Baseline System Design — Facebook Newsfeed And “Fanout”
Comparing Resources Like “Grokking The System Design Interview” To The Actual Facebook Blog
I had a few ideas for how to make Baseline System Design interesting — my best one was to look at resources like Grokking to find out how they designed hypothetical systems, then compare this to how systems are actually designed. So far I have had mixed success with Facebook Newsfeed.
For anyone skimming this, here is the short version: This published paper from the International Journal Of Computer Applications references this Facebook blog post, and goes on to state that Facebook uses a primarily “pull-based architecture” /fanout-on-load when it generates its newsfeed. Resources like “Grokking The System Design Interview” argue instead for a hybrid approach similar to what Twitter does.
If I were to simply regurgitate things like “Grokking,” I would probably be better off pointing readers to System Design Primer.
…this is my first complaint with System Design Primer — it simply lumps “Facebook Newsfeed” in with “Twitter Timeline,” as if the two were designed exactly the same way.
After what I have read about Facebook Newsfeed, I am starting to see why so many writers and bloggers do things this way. Unlike Twitter, some of Facebook’s engineering blog posts are rather vague and read like advertisements. Simply searching Google is even harder, as looking up “Facebook Newsfeed” will yield a number of results that simply explain how to make your Facebook posts trend.
An Explanation Of Fanout
This is one small part of a hard question you can find under “Grokking The System Design Interview.” Facebook Newsfeed is what updates the results on Facebook’s homepage, such that your brother’s engagement photo appears before your aunt’s YouTube link of two corgis playing tetherball.
There are a number of really interesting technical questions that “Grokking” glosses over, like how Facebook actually uses machine learning to determine its rankings.
When a person publishes a post, the post is pushed to all followers in something called fanout. The push approach is called fanout-on-write, and the pull approach is called fanout-on-load.
Alex Xu’s book essentially describes the exact same thing, but in a slightly clearer way.

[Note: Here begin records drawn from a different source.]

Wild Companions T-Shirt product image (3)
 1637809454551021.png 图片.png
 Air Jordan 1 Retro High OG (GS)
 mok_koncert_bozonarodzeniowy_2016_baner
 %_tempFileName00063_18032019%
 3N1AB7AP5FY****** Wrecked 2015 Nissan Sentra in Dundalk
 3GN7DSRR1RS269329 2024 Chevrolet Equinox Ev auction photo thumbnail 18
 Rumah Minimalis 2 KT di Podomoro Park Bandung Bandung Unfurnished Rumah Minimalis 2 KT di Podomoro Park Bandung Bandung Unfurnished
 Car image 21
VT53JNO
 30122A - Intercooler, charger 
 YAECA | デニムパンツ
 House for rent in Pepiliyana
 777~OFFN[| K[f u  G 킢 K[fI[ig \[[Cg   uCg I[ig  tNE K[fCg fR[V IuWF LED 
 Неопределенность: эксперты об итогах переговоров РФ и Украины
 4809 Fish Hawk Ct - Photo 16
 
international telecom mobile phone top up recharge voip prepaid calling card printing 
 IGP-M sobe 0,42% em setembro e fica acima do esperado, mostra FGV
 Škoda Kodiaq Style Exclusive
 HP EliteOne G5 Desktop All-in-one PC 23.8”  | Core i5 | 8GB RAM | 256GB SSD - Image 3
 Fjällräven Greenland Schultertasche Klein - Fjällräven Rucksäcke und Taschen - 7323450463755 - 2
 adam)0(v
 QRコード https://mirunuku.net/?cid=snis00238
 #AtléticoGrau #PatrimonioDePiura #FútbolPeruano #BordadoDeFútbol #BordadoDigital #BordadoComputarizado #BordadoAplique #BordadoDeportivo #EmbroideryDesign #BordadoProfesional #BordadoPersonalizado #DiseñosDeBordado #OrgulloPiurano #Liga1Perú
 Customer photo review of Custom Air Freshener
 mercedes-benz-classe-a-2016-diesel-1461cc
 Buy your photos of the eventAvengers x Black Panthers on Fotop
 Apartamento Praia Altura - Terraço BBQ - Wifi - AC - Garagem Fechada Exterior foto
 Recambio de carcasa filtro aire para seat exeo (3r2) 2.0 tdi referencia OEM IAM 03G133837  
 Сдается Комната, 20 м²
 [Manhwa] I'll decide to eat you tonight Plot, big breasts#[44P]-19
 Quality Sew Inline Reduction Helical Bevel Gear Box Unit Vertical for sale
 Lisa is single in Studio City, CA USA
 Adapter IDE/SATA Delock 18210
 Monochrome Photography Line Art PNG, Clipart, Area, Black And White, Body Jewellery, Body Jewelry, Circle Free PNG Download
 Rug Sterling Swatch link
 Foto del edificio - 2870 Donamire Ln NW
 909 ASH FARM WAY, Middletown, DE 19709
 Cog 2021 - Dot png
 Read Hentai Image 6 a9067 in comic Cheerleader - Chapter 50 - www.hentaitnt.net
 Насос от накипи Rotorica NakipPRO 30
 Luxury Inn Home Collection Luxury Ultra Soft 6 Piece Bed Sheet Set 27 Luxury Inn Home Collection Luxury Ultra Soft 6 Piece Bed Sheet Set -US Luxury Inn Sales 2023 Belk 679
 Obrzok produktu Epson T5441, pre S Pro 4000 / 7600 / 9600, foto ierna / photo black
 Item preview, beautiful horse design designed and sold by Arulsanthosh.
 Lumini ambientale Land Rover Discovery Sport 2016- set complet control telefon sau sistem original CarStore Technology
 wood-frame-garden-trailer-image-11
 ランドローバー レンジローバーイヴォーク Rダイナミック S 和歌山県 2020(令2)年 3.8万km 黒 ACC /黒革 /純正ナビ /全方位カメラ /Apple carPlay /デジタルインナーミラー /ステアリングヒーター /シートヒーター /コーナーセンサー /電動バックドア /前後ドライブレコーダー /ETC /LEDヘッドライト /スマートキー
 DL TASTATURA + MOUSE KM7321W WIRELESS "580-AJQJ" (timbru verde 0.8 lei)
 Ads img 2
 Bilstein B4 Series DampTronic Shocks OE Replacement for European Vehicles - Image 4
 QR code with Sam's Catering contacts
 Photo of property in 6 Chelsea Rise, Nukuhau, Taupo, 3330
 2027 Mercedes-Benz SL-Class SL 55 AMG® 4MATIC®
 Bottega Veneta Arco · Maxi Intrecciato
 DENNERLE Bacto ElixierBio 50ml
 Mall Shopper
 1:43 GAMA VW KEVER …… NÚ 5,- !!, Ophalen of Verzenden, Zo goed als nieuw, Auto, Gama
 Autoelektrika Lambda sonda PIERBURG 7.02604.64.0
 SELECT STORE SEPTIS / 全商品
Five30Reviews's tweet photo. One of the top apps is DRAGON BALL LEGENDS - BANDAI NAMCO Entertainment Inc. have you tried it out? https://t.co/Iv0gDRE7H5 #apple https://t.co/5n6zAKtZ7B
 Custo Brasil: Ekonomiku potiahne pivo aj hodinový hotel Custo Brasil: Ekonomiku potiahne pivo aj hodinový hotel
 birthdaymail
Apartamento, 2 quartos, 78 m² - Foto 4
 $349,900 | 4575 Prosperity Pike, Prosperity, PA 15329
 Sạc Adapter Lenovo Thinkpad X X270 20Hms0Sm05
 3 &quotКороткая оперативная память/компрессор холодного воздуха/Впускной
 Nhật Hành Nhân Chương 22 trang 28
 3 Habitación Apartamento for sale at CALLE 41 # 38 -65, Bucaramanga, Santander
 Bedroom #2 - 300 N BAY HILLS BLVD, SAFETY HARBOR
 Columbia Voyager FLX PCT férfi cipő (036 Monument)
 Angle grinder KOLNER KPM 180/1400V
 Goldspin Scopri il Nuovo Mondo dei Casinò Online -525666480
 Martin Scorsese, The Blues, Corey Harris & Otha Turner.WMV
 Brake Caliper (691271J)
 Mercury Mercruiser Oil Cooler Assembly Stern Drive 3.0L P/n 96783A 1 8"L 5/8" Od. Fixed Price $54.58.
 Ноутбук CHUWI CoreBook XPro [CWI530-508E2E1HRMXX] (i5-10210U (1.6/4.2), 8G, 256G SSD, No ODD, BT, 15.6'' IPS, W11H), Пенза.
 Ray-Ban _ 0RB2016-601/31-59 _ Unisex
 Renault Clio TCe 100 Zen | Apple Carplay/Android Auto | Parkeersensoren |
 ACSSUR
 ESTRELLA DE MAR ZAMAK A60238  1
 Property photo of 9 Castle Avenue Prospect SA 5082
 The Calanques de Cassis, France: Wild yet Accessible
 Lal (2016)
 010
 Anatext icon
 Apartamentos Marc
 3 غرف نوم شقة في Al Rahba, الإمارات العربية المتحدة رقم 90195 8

In Fanout-on-write, the newsfeed is precomputed during write time. A new post is delivered to friends’ caches immediately after publication. Fetching is fast, but it has the “hotkey problem” — it is really slow for celebrities with many friends.
In fanout-on-load, the newsfeed is generated during read time. There is no hotkey problem, but fetching is slow.
The hybrid approach is to let followers pull the updates for celebrities, but have “normies” carry out the writes. In other words, the majority of users use “fanout-on-write,” but not celebrities.
Down The Rabbit Hole
From the Facebook blog:
We leveraged the disaggregation concept to redesign Multifeed, a distributed backend system that is involved in News Feed. When a person goes to his or her Facebook feed, Multifeed looks up the user’s friends, finds all their recent actions, and decides what should be rendered based on a certain relevance and ranking algorithm. The disaggregation results with respect to infrastructure were impressive across multiple areas tracked.
This, I imagine, is where the researchers who wrote “A Hybrid Approach To Social Network User Feed Generation” got their data to conclude that “Facebook uses a model that is primarily pull based.” The conclusion seems a little bit sketchy to me, but they are published researchers and I am in a long list of random people on Medium who have blogs.
I feel a little bit like I am trying to solve a murder mystery: Where did the creators of DesignGurus get the information that Facebook uses a hybrid approach to fanout? To be fair, they have never claimed to actually be proposing how Facebook is truly designed. But Alex Xu proposed the exact same design, prompting me to wonder if they have more information from sources at Facebook, if the two are collaborating, or if one of them simply took the idea from the other.
My best guess is that they were simply pretending Facebook was designed exactly like Twitter. That is covered in both the twitter blogs and in this book:
Closing Thoughts
Since this ended up being an entire blog post about one small part of Facebook newsfeed, it may be good to go into another portion of the proposed Facebook newsfeed design, or return to Twitter.